→ Task prompt
An exact copy of all records is expected, minus the images.

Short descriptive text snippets
[Start of section]

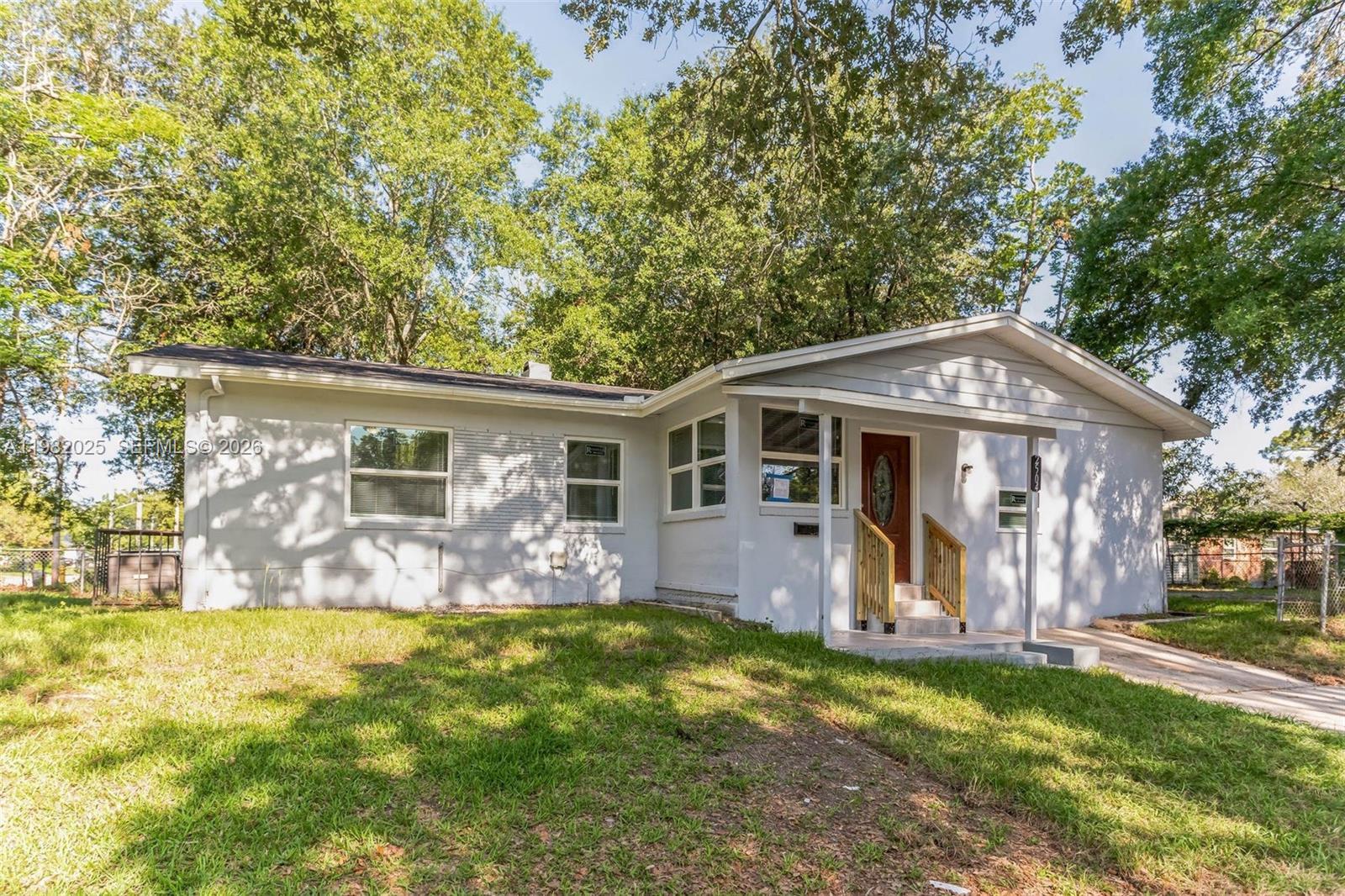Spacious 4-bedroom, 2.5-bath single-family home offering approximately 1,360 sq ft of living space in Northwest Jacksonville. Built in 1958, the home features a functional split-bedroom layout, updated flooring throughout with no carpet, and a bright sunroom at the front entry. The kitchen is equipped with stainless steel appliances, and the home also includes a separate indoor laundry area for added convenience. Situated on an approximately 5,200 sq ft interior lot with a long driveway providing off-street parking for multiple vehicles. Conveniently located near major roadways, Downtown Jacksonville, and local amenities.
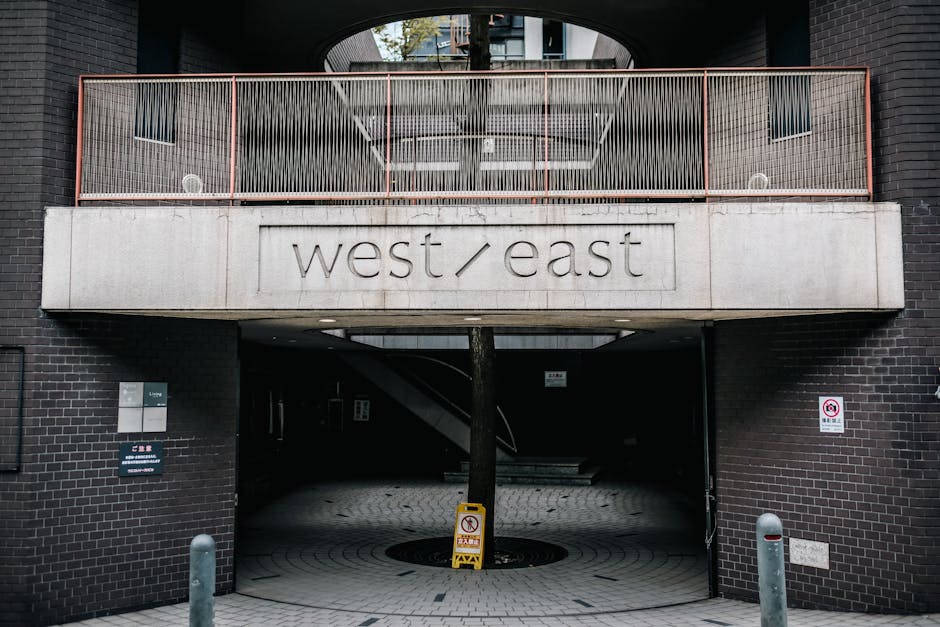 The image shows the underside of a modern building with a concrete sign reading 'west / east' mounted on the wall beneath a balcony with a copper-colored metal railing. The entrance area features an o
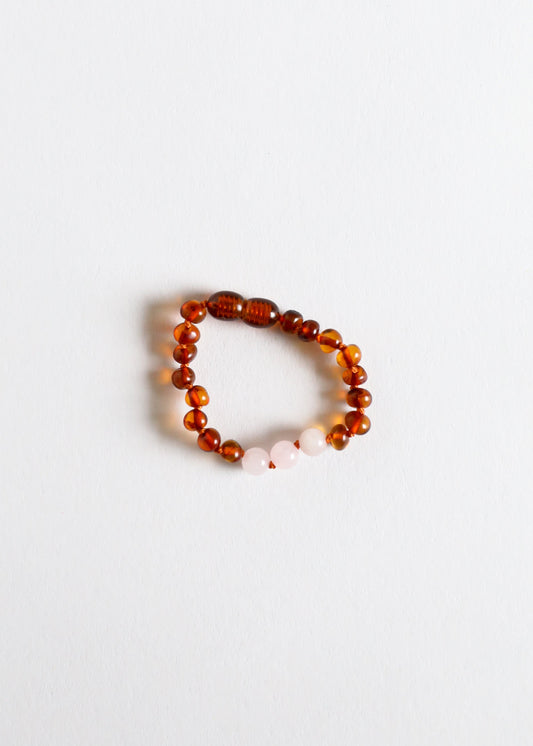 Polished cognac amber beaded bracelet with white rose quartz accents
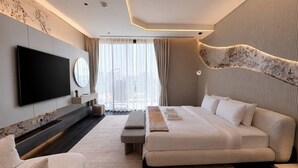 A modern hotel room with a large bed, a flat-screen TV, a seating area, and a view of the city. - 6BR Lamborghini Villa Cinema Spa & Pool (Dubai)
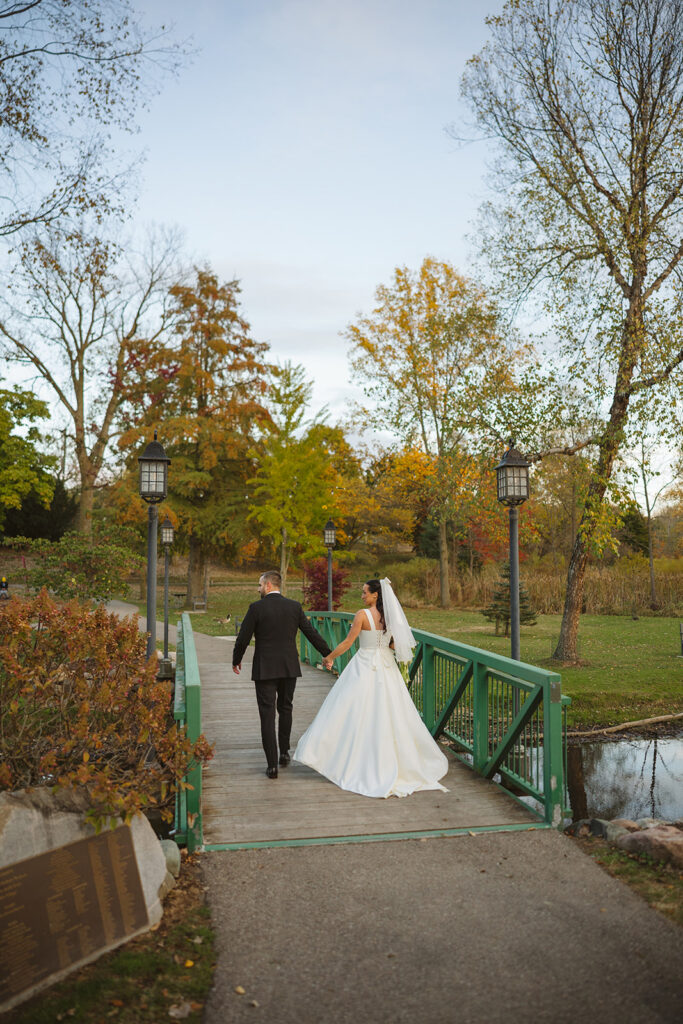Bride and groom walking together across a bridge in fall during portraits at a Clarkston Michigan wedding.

[End of section]

→ Final answer
Spacious 4-bedroom, 2.5-bath single-family home offering approximately 1,360 sq ft of living space in Northwest Jacksonville. Built in 1958, the home features a functional split-bedroom layout, updated flooring throughout with no carpet, and a bright sunroom at the front entry. The kitchen is equipped with stainless steel appliances, and the home also includes a separate indoor laundry area for added convenience. Situated on an approximately 5,200 sq ft interior lot with a long driveway providing off-street parking for multiple vehicles. Conveniently located near major roadways, Downtown Jacksonville, and local amenities.
 The image shows the underside of a modern building with a concrete sign reading 'west / east' mounted on the wall beneath a balcony with a copper-colored metal railing. The entrance area features an o
 Polished cognac amber beaded bracelet with white rose quartz accents
 A modern hotel room with a large bed, a flat-screen TV, a seating area, and a view of the city. - 6BR Lamborghini Villa Cinema Spa & Pool (Dubai)
Bride and groom walking together across a bridge in fall during portraits at a Clarkston Michigan wedding.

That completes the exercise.